Beresowskij - der Name steht in Russland als Synonym für Raubkapitalismus. Heute lebt der mehrfache Milliardär im selbstgewählten Exil in London. Mit dem russischen Präsidenten Wladimir Putin, dessen Aufstieg zur Macht er maßgeblich gefördert hatte, hat Beresowskij sich nämlich überworfen. Putin, so Beresowskijs Vorwurf, sei ein Feind der Freiheit, ein Totengräber der Bürgerrechte, ein Staatsterrorist.

Im dramatischen Herbst 1999 erschütterten drei nächtliche Explosionen Moskau und Wolgodonsk, nie ermittelte Täter sprengten drei Wohnhäuser in die Luft, über 300 Menschen starben. Für die Behörden wie für die Öffentlichkeit stand sofort fest: das waren tschetschenische Terroristen!

Wenige Tage später marschierten russische Streitkräfte in die Kaukasusrepublik ein, der zweite Tschetschenienkrieg begann - und mit ihm die Karriere des Wladimir Putin, dessen Popularität sich auf den (zunächst erfolgreichen) Feldzug gründete.
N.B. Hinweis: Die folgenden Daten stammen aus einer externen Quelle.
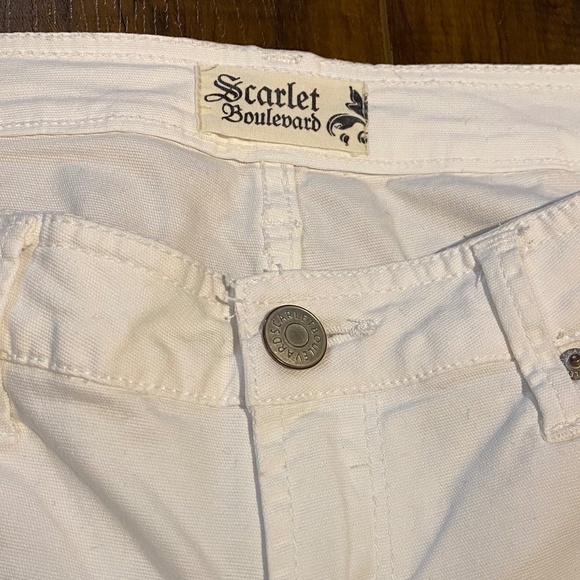 Scarlet Boulevard White Shorts - Picture 4 of 6
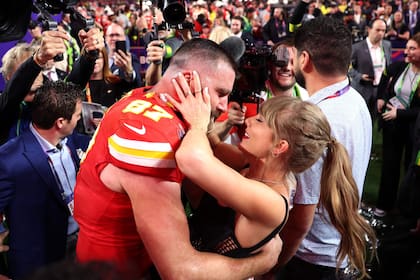 Taylor Swift y Travis Kelce son una de las parejas más buscadas del momento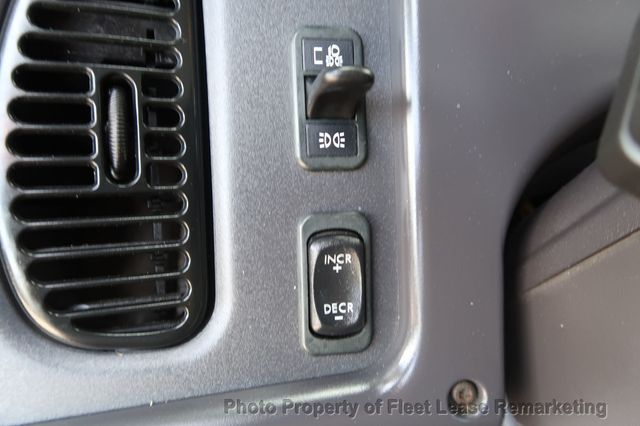 2018 Freightliner M2-106 2WD Reg Cab Utility Bucket M2-106 2WD Reg Cab Utility Bucket - 23033182 - 30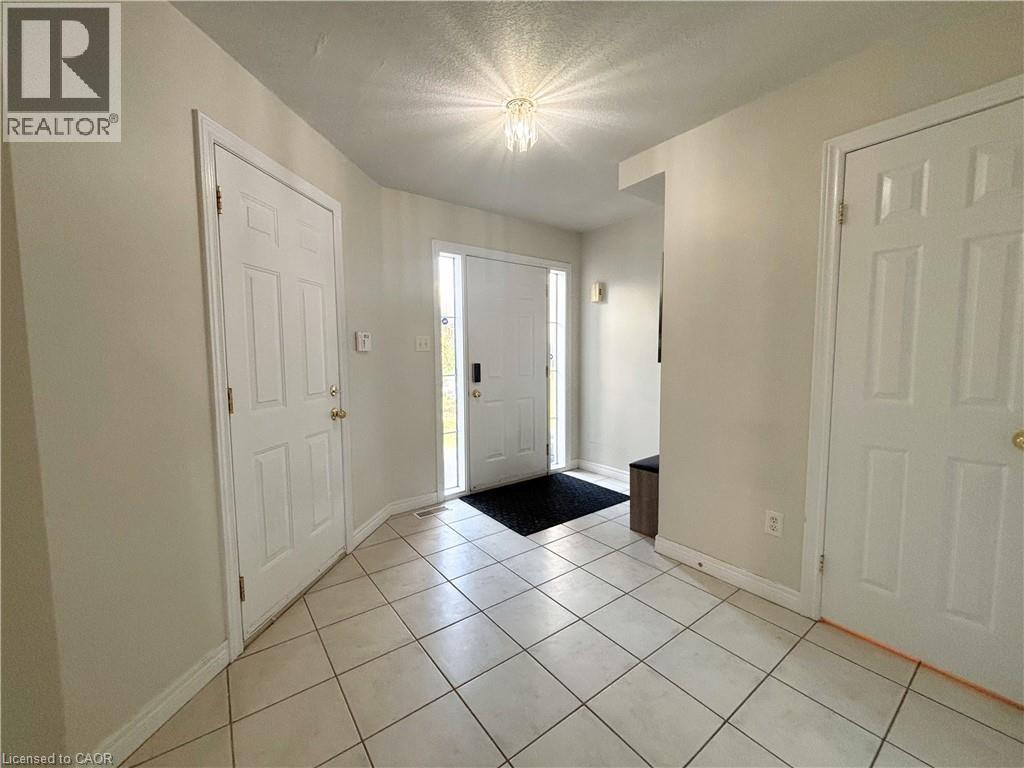 41 Pineridge Drive, Hamilton, Ontario  L9A 5K2 - Photo 5 - 40787013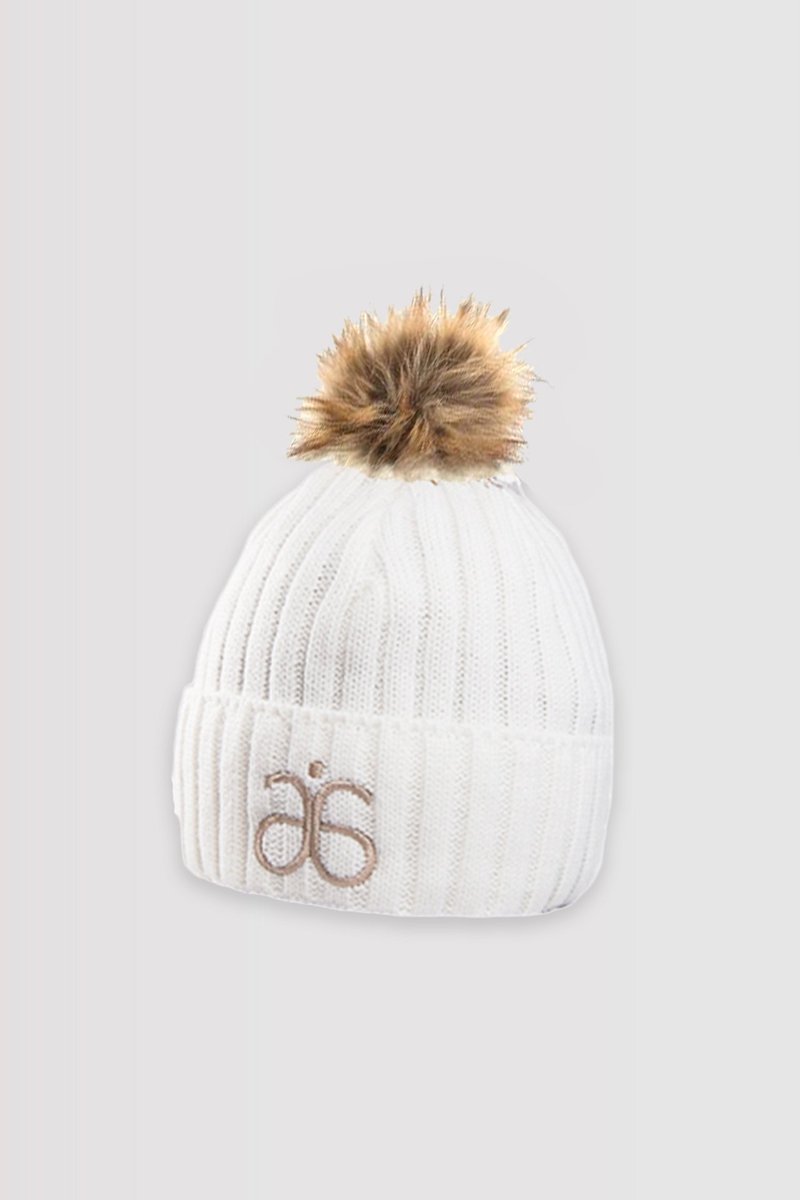 arb_boutique's tweet photo. It's back!! The white toque has made a return for a limited time... get yours today on the Arbonne Boutique.. @Arbonne_Canada https://t.co/6HFAIiA4Lz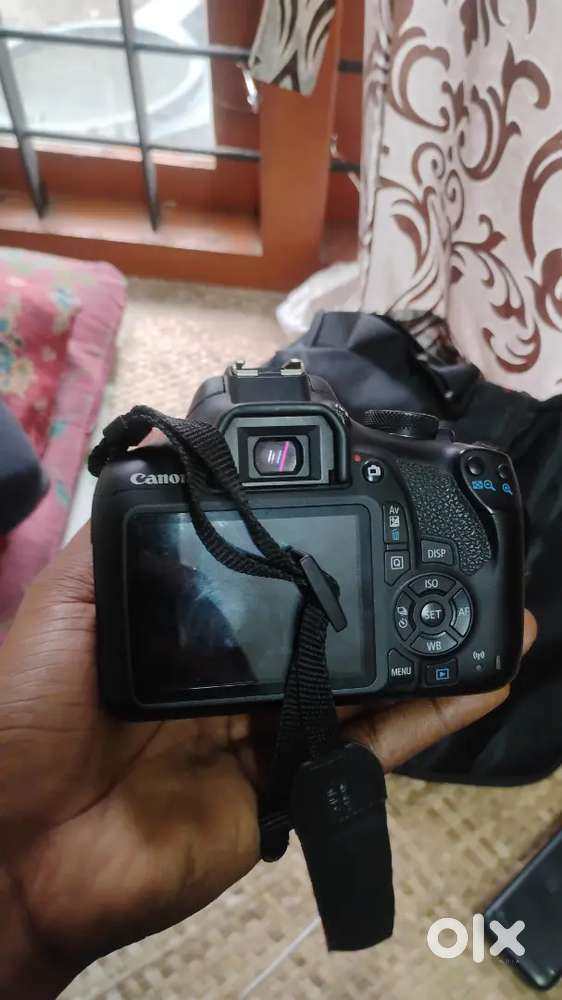 Canon 1500D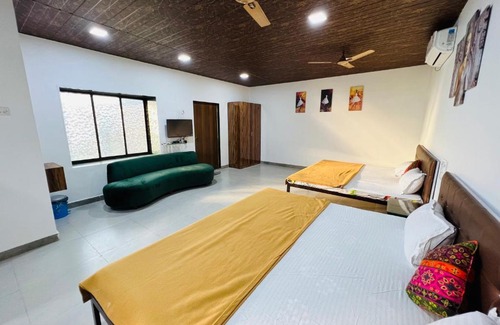 Alibaug House | Shiv Sai Holiday Home - by iIRA Stays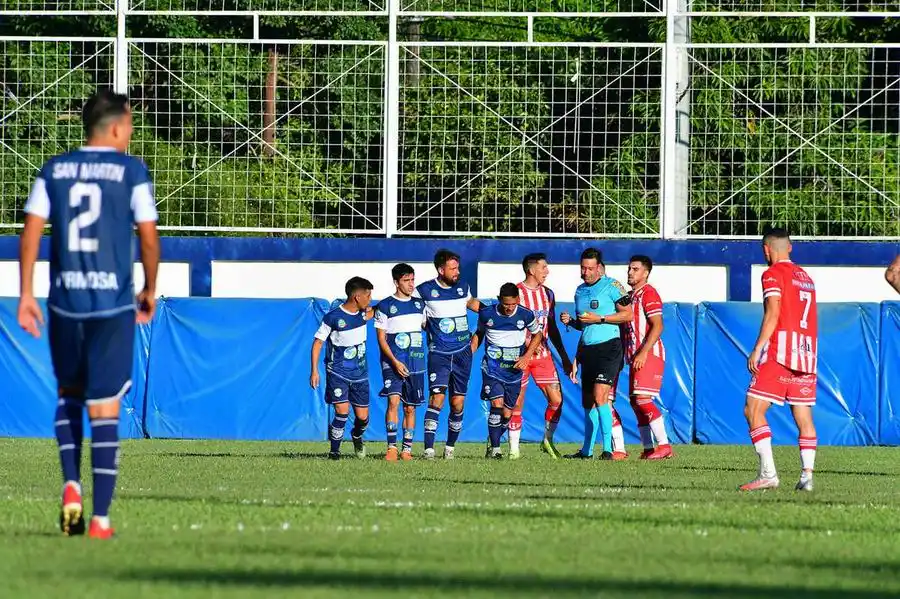 San Martín visita hoy
a Sportivo Las Parejas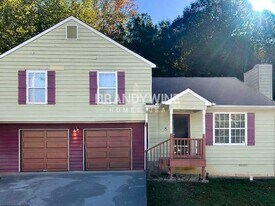 35 Hampton Oaks Dr in Hampton, GA - Building Photo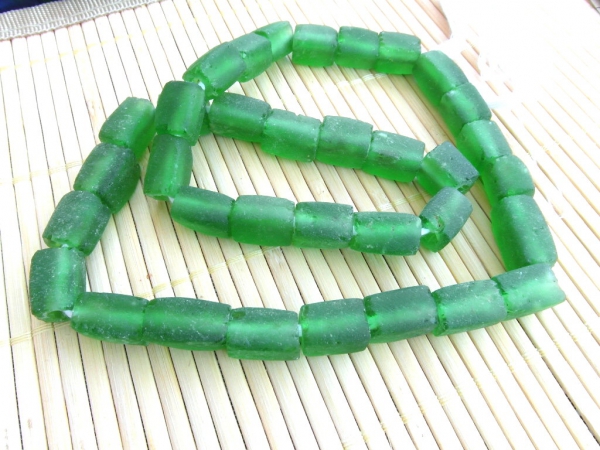 Recyclingglasperlen-Tubes_3735-gruen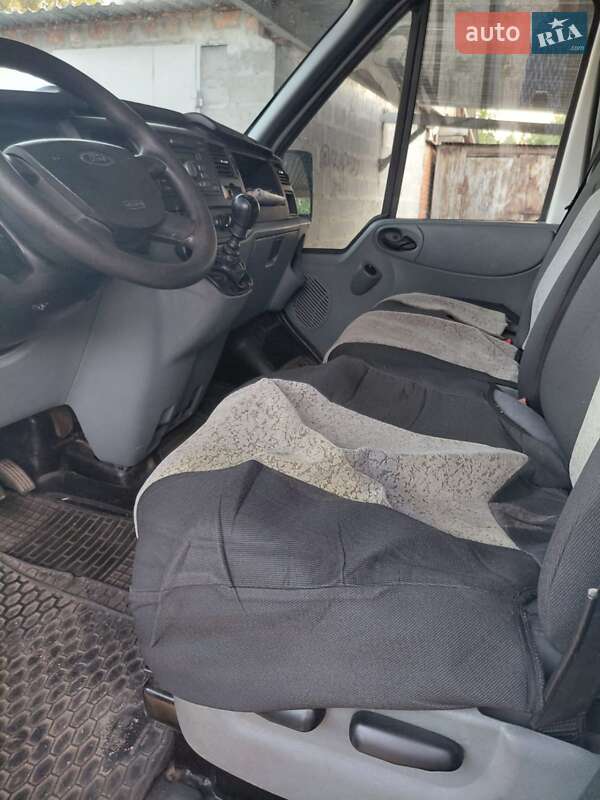 Вантажний фургон Ford Transit 2013 в Нікополі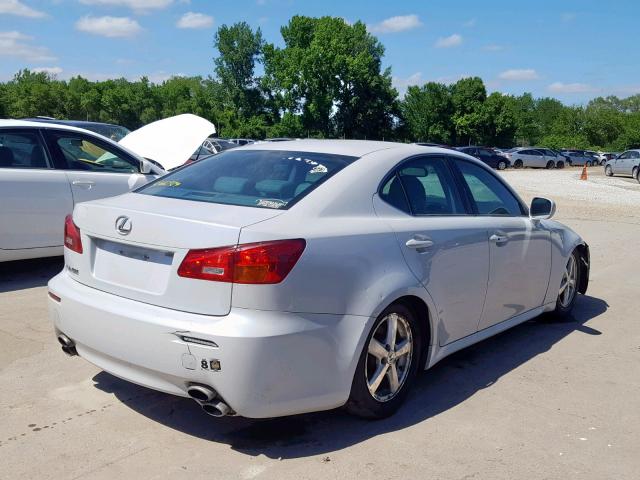 JTHBK262562002023 - 2006 LEXUS IS 250 WHITE photo 4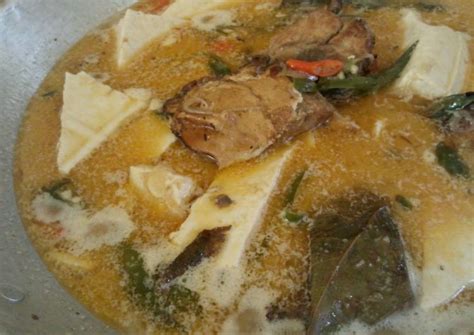 Dapet ikan asap dari kampung yang rasanya super enak, akhirnya dibikin bumbu mangut khas semarang, cukup mengobati rasa rindu sama kota itu Resep Mangut Ikan Manyung Khas Semarang oleh Dinda Rizky Tan - Cookpad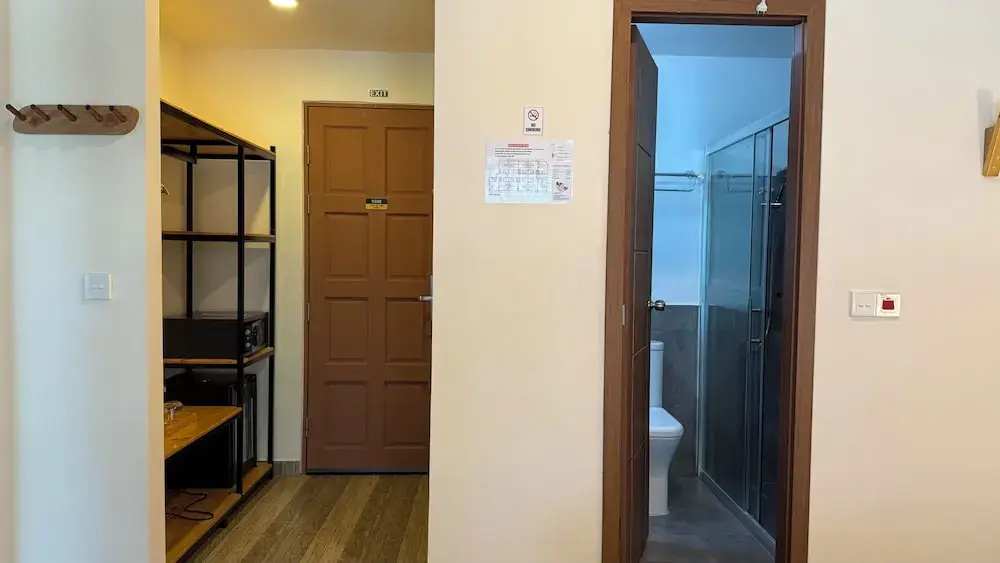 Deluxe Double room with balcony and with sea view (full double bed)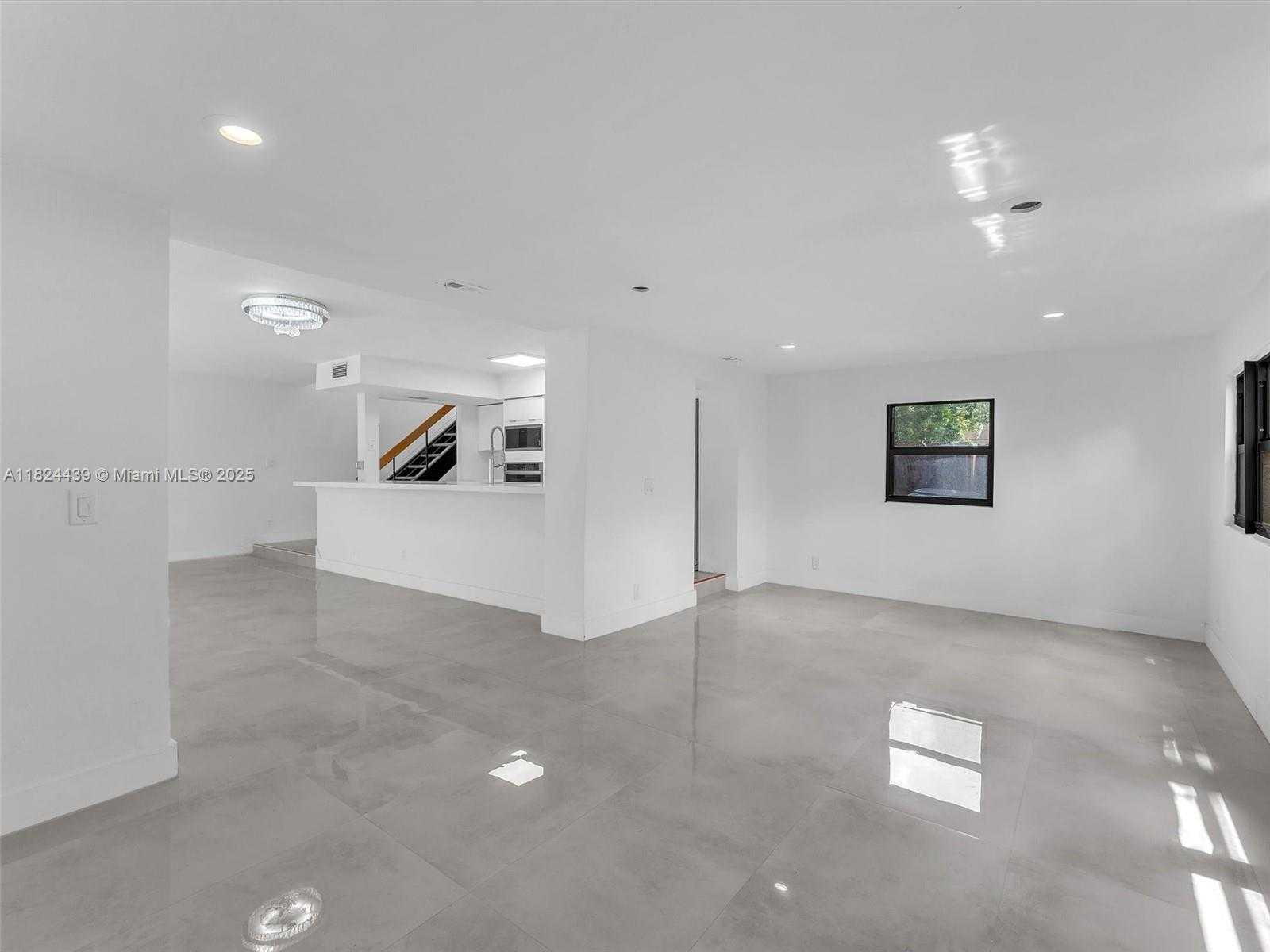 Small Image of 3427 ATLANTA DR, Hollywood Number 5
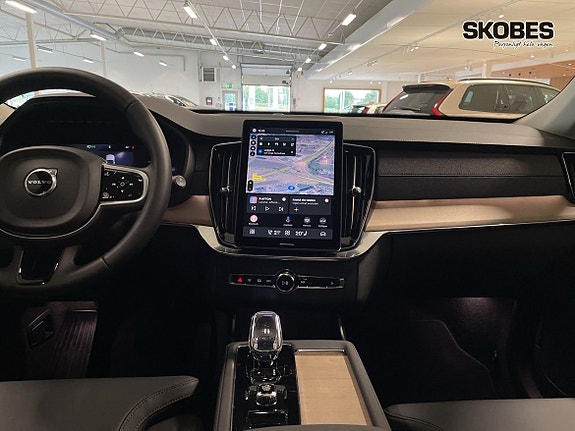 Volvo XC90 13 of 23
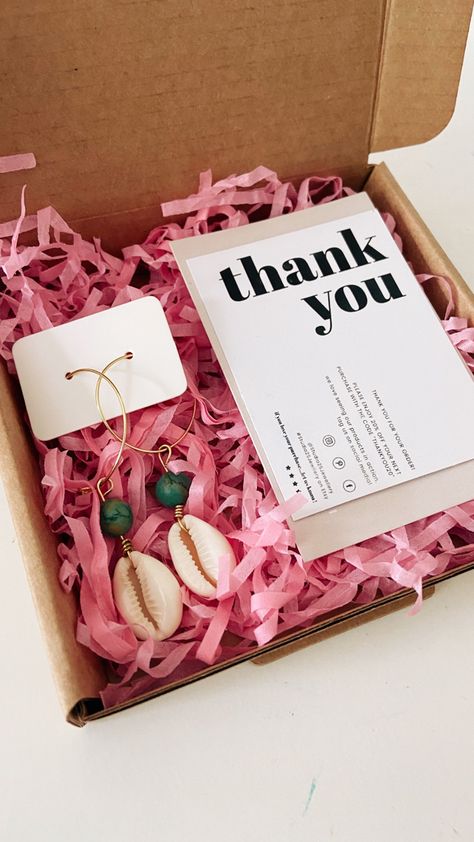 Small Business Necklace Packaging, Small Business Earring Packaging Ideas, Aesthetic Small Business Packaging, Small Business Aesthetic Packaging, Jewellery Packaging Ideas Business, Small Business Packaging Ideas Boxes, Valentines Package, Business Earrings, Packaging Earrings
Doch schon damals kam das Gerücht auf, der Geheimdienst selber stecke hinter den Anschlägen, die Schlapphüte hätten ein monströses Komplott geschmiedet, um mit Ex-KGB-Agent Putin einen der ihren auf den Präsidentenstuhl zu
bringen.

Nun der Trommelwirbel aus London: Beresowskij will für diese (Verschwörungs-)Theorie Beweise vorlegen. Wochenlang waren Medien in aller Welt auf Beresowskijs Pressekonferenz am 5. März eingestimmt worden. Und dann: nichts, fast nichts. Ein paar maue Indizien, mehr nicht. Und warum? Weil
es diese Beweise nicht gibt. Die wahren Hintergründe der Anschläge - sie verschwinden wohl auf immer im Dunkel der russischen Geschichte.